A cloud misconfiguration at a now-defunct social media app has exposed hundreds of thousands of files, including explicit photos of users that they thought had been deleted, according to vpnMentor.
A research team led by Noam Rotem discovered the AWS S3 bucket on October 13 last year, tracing it back to Fleek and owner Squid Inc.
The app apparently marketed itself as an uncensored alternative to Snapchat “Campus Stories.” A hit with US college students, it promised to automatically delete photos after a short period, encouraging users to post salacious pics of themselves engaged in sexually explicit and illegal activities.
However, as the researchers found, many photos were not deleted at all — in fact, they were still being stored long after the app was closed down in 2019.
“Many of these were shared in folders given offensive and derogatory names like ‘asianAss’ by the app’s developers,” vpnMentor explained.
“Fleek users were mostly college students naive of the implications of uploading images that show them engaging in embarrassing and criminal activities, such as drug use. If cyber-criminals obtained these images and knew how to find the people exposed, they could easily target them and blackmail them for large sums of money.”
In total, the research team found around 377,000 files in the 32GB bucket. This also included photos and bot scripts which it’s believed relate to a paid chat room service the app’s owners were trying to promote to users.
To encourage male users, the app’s owners appear to have created numerous bot accounts using images of women scraped from the internet. To ‘chat’ to these bots, users would have to pay a fee.
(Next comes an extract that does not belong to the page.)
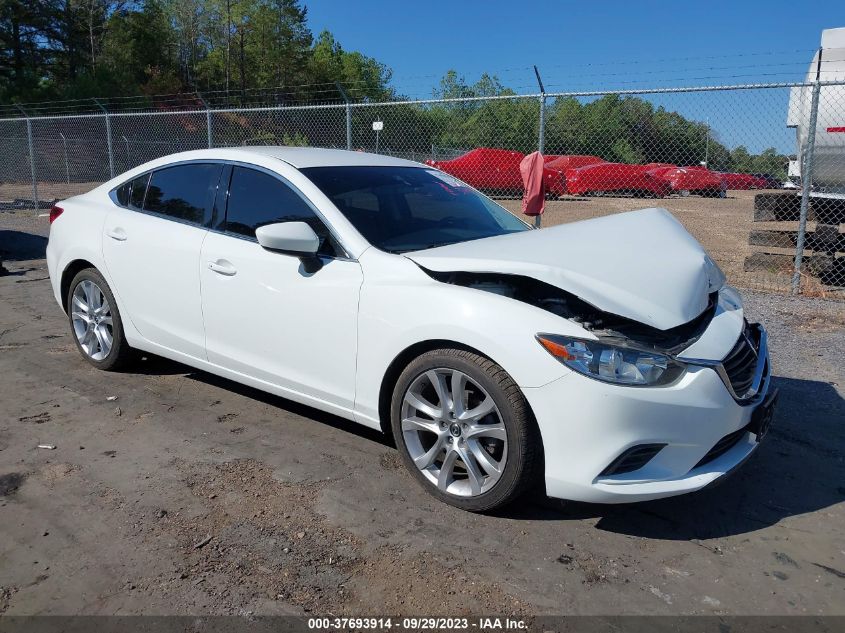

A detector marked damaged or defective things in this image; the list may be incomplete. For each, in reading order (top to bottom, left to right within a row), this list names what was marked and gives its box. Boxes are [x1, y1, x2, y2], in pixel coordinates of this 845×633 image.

crumpled hood [406, 207, 724, 330]
damaged headlight [536, 334, 684, 388]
Having contacted both Squid Inc’s founder and AWS to notify about the privacy snafu, vpnMentor found the bucket had been secured about a week after it was discovered. However, it’s unclear whether the data has been deleted or not.
“Never share anything you’d be embarrassed about online — few systems are 100% secure from hacking, leaks, or dishonest people saving incriminating images to hurt you in the future,” warned vpnMentor.
“It’s also important to know what happens to your data after a company that has collected it goes bankrupt or shuts down. Often, with smaller companies, the owner maintains possession of the data, and there’s very little accountability stopping them from misusing it or sharing with others in the future.”